Madame la Ministre de l’Enseignement supérieur, de la recherche et de l’innovation,
Monsieur le Président du Haut conseil de l’évaluation de la recherche et de l’enseignement supérieur,
Cher.e.s collègues,

Nous avons pris la décision collective, au sein du département de XXX / de l’équipe de recherche XXX de l’Université de Poitiers, de ne pas transmettre à l’HCERES nos fiches d’auto-évaluation comme il était demandé pour début 2021. Et cela, en protestation contre de nombreuses dispositions de la Loi de programmation de la recherche (LPR), elles-mêmes solidaires des modalités de l’auto-évaluation qui était demandée de nous. Outre que les moyens impartis à cette loi n’entreront en vigueur que très progressivement (puisque seuls 1,2 milliards d’euros, sur les 25 promis avant 2030, seront dévolus d’ici la fin du présent quinquennat),
• nous protestons contre les possibilités, ouvertes par l’article 5 de la version adoptée au Sénat le 20 novembre dernier, de déroger à la procédure de qualification des enseignant.e.s-chercheur.e.s par le CNU, notamment en ce qui concerne les nouvelles chaires de « professeur.e.s juniors » (art. 4). Ces mesures, ainsi que le dispositif des « intéressements » à mettre en place par les Conseils d’administration des universités (art. 27), accroîtront encore le pouvoir des président.e.s d’Université, et limiteront d’autant la liberté d’une recherche fixant elle-même ses propres objectifs. En créant des régimes dérogatoires ou d’éviction de la procédure de qualification nationale, la loi favorise le localisme et affaiblit la cohésion territoriale de l’enseignement supérieur ;
• nous protestons contre la précarisation accrue des personnels de l’enseignement supérieur et de la recherche, inévitablement induite par le présent texte législatif : la généralisation des contrats de mission (art. 9) aura pour effet de rendre, précisément, très « indéterminée » la durée de rémunération que le chercheur.e contractant.e pourra espérer ; et le recours accru aux contrats post-doctoraux (art. 12), s’il comble effectivement une lacune actuelle de l’enseignement supérieur et de la recherche en France, ne saurait se substituer à la création, de plus en plus nécessaire, de nouveaux postes statutaires. Rappelons que l’augmentation spectaculaire des effectifs étudiants pendant la dernière décennie (près de cinq cent mille étudiant.e.s supplémentaires) a été accompagnée par une diminution tout aussi spectaculaire du nombre de recrutements de maîtres.ses de conférences et professeur.e.s appelé.e.s à les former.

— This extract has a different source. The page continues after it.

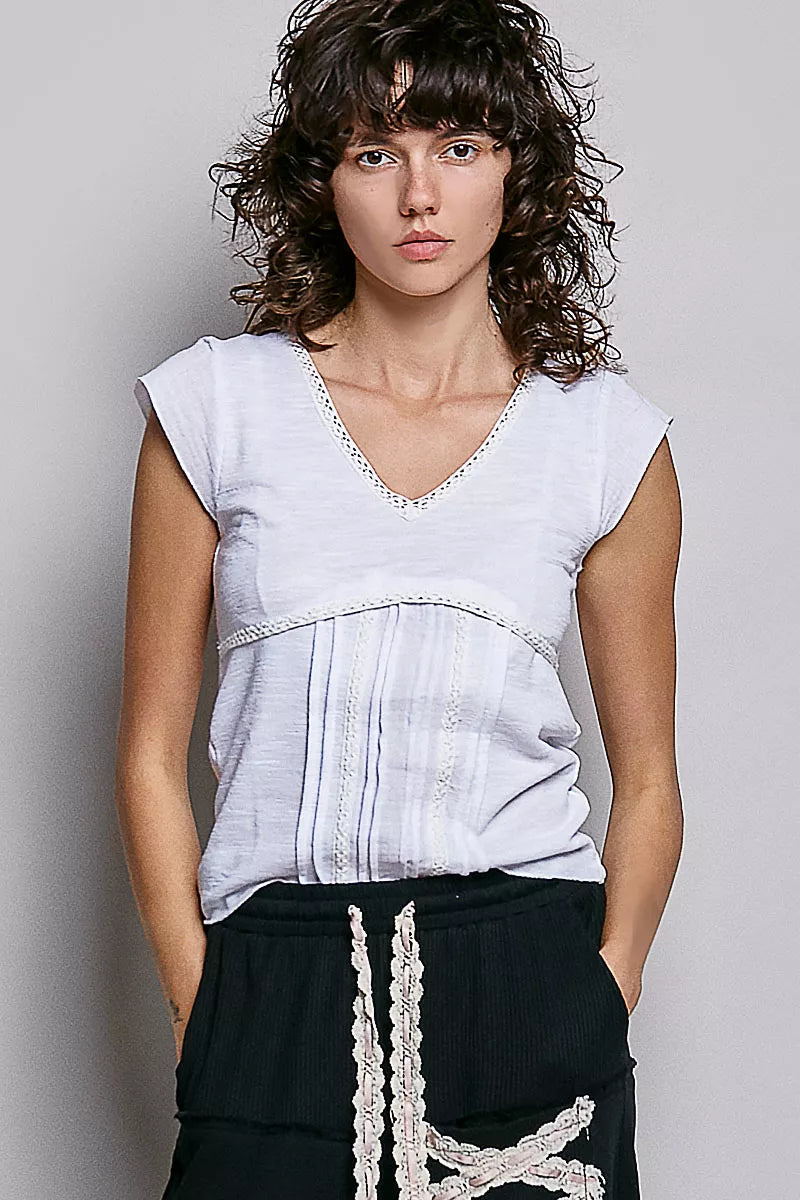 V-Neck Lightweight Textured Short Sleeve Knit Top with Lace Trim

Outre que les postes statutaires garantissent l’indépendance des chercheurs et la possibilité de déployer leurs recherches dans la durée, ils sont essentiels au bon fonctionnement pédagogique des universités, de la licence au doctorat ;
• nous protestons, dès lors, contre la subordination croissante des intérêts de la recherche à d’autres intérêts, qui leur sont hétérogènes : si une revalorisation des contrats doctoraux de 30% d’ici 2023 peut effectivement être bénéfique, le même paragraphe de votre courrier en date du 1er décembre 2020, Madame la Ministre, inscrit cette revalorisation dans le cadre d’une collaboration accrue avec « les collectivités territoriales, les entreprises et les associations » (p. 4), ce qui, non seulement creuse encore les inégalités entre Universités, mais aussi restreint grandement le spectre des sujets de thèse envisageables par l’étudiant.e et par ses encadrant.e.s ;
• nous protestons par conséquent contre la volonté, expressément affirmée par le texte de loi (art. 24 et 25), de faciliter les allers-retours entre les secteurs d’activité public et privé, qui s’avère en réalité, à y regarder de près, une volonté de favoriser les allers simples du public vers le privé. D’une part, le chercheur.e peut à présent être associé.e ou dirigeant.e d’une entreprise valorisant les résultats de ses propres travaux (art. 24) ; d’autre part il peut exercer dans une entreprise une activité à temps partiel (et non plus seulement complet), dont la rémunération est calquée sur celle des autres personnes rémunérées par l’entreprise ; et s’il exerce à temps complet, sa nouvelle rémunération, qui ne donne pas lieu au versement de charges sociales supplémentaires par le nouvel employeur, peut, par convention avec l’organisme public, excéder la précédente. Vous confirmez dans votre courrier, Madame la Ministre, votre engagement à revaloriser les débuts de carrière ; mais si les rémunérations stagnent ensuite (sauf pour celles et ceux qui se pensent en situation de concourir à la hors-classe ou à la classe exceptionnelle), ne faut-il pas voir là, à nouveau, une incitation à quitter, provisoirement voire définitivement, la recherche et l’enseignement publics ?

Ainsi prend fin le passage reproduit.